You have caught me here:

> Calling something anInteger when its value is almost always a Float
> is certainly a bad idea.

Definitely true.

> Writing a block whose value is always a Float in a context
> where a block that always returns a Boolean is required
> is also a bad idea.

It's plain wrong (it had been better to test the code).
The intent has been (now tested):
	| aNum |
	aNum := 0.
	[aNum <= 1]
	  whileTrue:
		[Transcript cr; show: aNum printString.
		aNum := aNum + 0.1]

> 
> I fail to see how an example that uses <= tells us anything about
> what we should do to ensure that #hash and #= are mutually consistent.

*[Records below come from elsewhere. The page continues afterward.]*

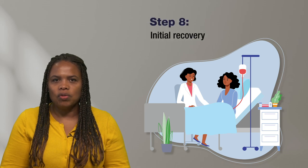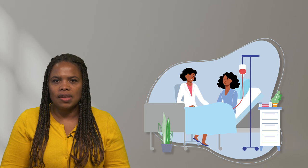Step 8 is the initial recovery after receiving the cell infusion, which can take about 100 days. You may be inpatient for about a month, where you will be monitored by staff. This time would be followed by about two to three months of outpatient follow-up care near the hospital where you receive gene therapy.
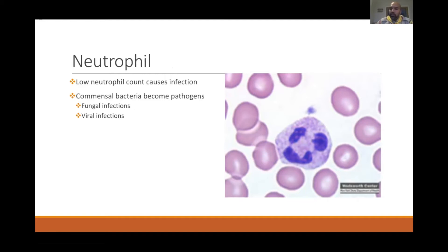If you don't produce enough neutrophils, you become susceptible to infection — bacterial, fungal, or viral. When your immunity is low and neutrophils are reduced, normal commensal bacteria within the body can begin to become pathogens.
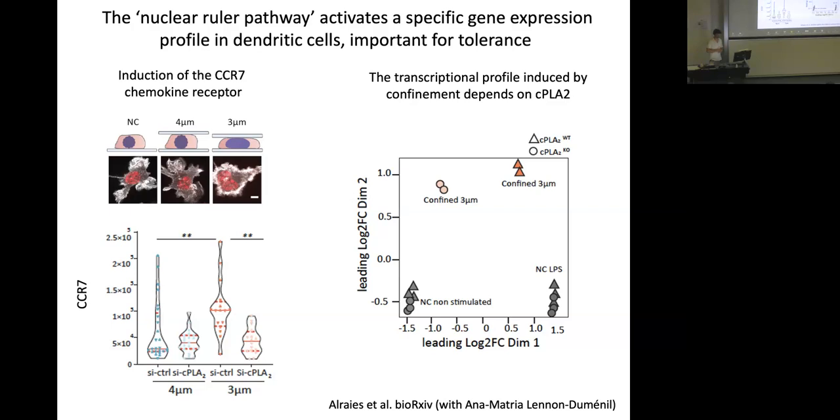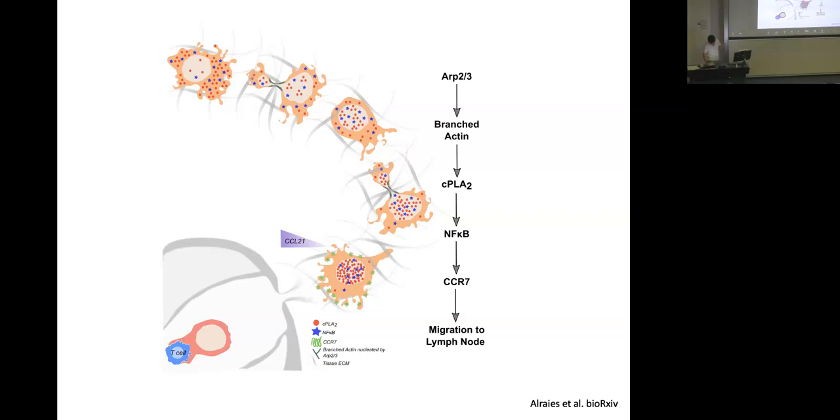The idea is that when immune cells migrate in tissues — dendritic cells patrolling for pathogens — they deform constantly, giving a signal to the nucleus that eventually triggers activation of this CPLA2 pathway, making them migrate to lymph nodes even in a non-inflamed tissue. What they do when they arrive is bring self-antigens to prevent autoimmunity.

True for both old and corrected example.

> I especially fail to see how an example which always compares a
> Float with another Float tells us anything about mixed mode comparison.

I have to agree.

But the corrected example now shows mixed mode arithmetics, which should be
avoided IMO.

> 
> What's more, undefine <= and people will still be able to write
>     0 to: 1.0 by: 0.1 do: [:anInteger | self doSomething]
> 
> 	Would such a change break something?
> 	
> Yes.
> 	
> I am extremely puzzled here.
> 
> I pointed out a problem in Squeak's #hash implementations,
> and people suddenly pounce like starving wolves on a lamb
> on #= as if there was a problem with #=.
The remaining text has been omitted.